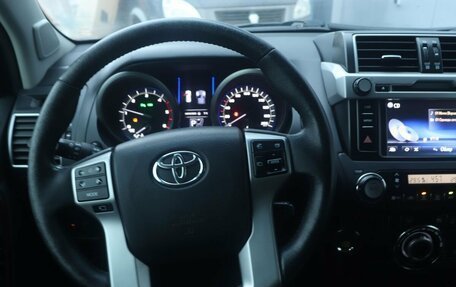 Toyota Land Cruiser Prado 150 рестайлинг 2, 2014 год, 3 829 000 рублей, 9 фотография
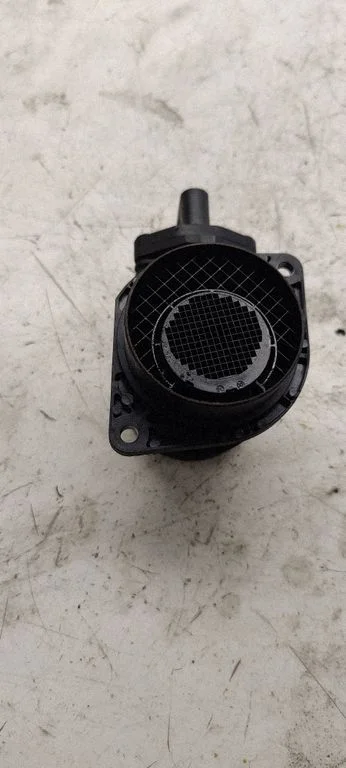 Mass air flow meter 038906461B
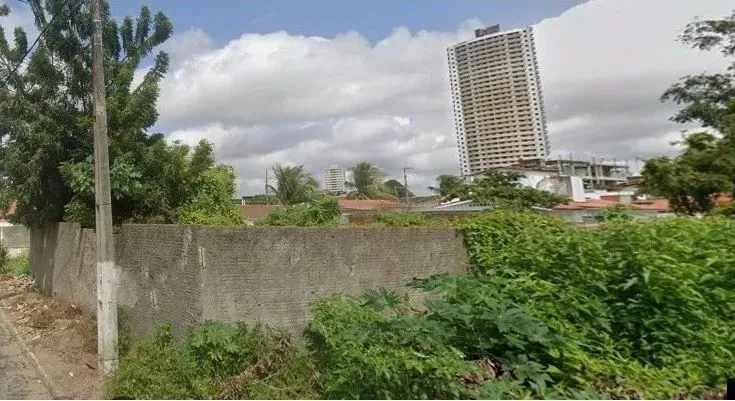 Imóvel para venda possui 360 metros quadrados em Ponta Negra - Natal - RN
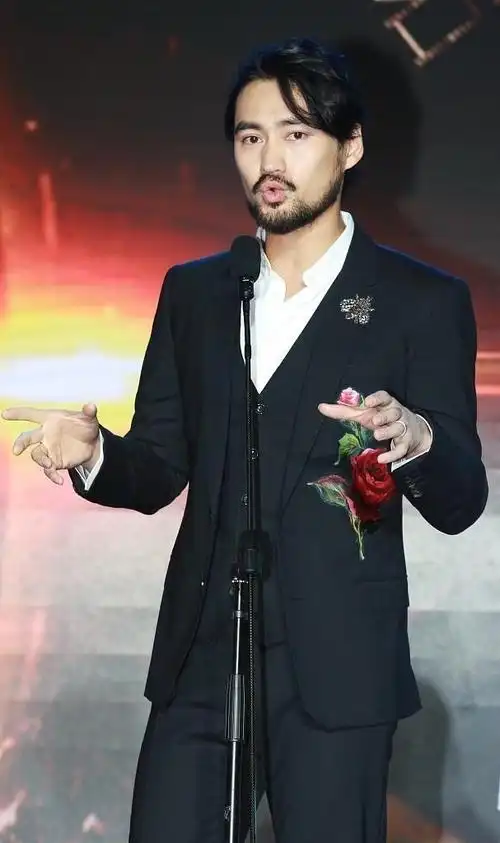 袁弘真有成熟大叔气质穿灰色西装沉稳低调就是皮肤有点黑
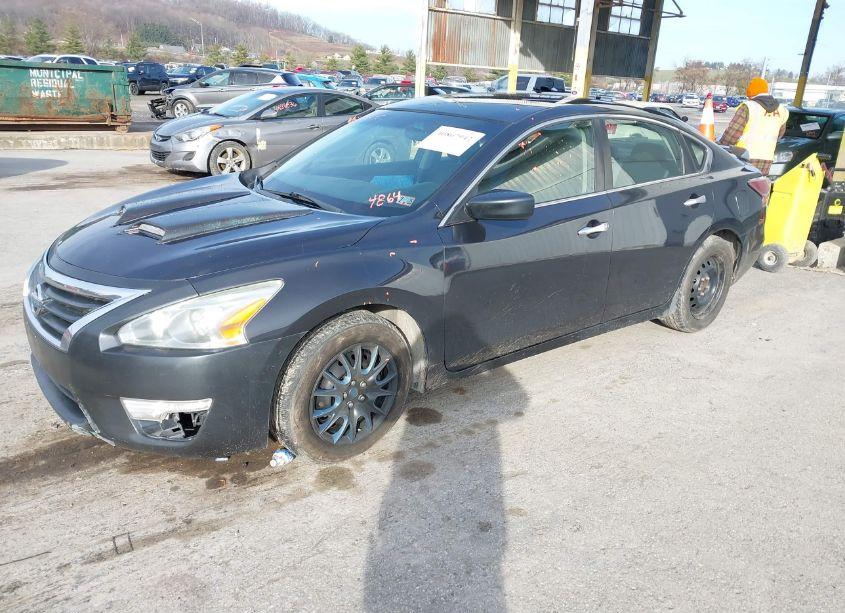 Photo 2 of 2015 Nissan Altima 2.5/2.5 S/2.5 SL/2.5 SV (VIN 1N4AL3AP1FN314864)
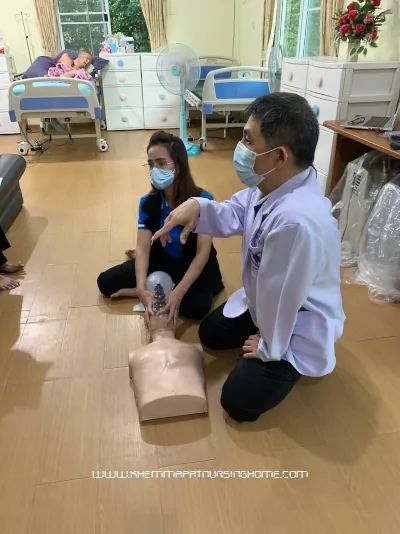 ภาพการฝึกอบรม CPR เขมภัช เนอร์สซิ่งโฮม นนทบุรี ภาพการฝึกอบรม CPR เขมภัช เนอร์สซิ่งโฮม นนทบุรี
· · · ·
**Task statement**. Copy out all the data above exactly, minus the images.

**Output of the task**.
 Toyota Land Cruiser Prado 150 рестайлинг 2, 2014 год, 3 829 000 рублей, 9 фотография
 Mass air flow meter 038906461B
 Imóvel para venda possui 360 metros quadrados em Ponta Negra - Natal - RN
 袁弘真有成熟大叔气质穿灰色西装沉稳低调就是皮肤有点黑
 Photo 2 of 2015 Nissan Altima 2.5/2.5 S/2.5 SL/2.5 SV (VIN 1N4AL3AP1FN314864)
 ภาพการฝึกอบรม CPR เขมภัช เนอร์สซิ่งโฮม นนทบุรี ภาพการฝึกอบรม CPR เขมภัช เนอร์สซิ่งโฮม นนทบุรี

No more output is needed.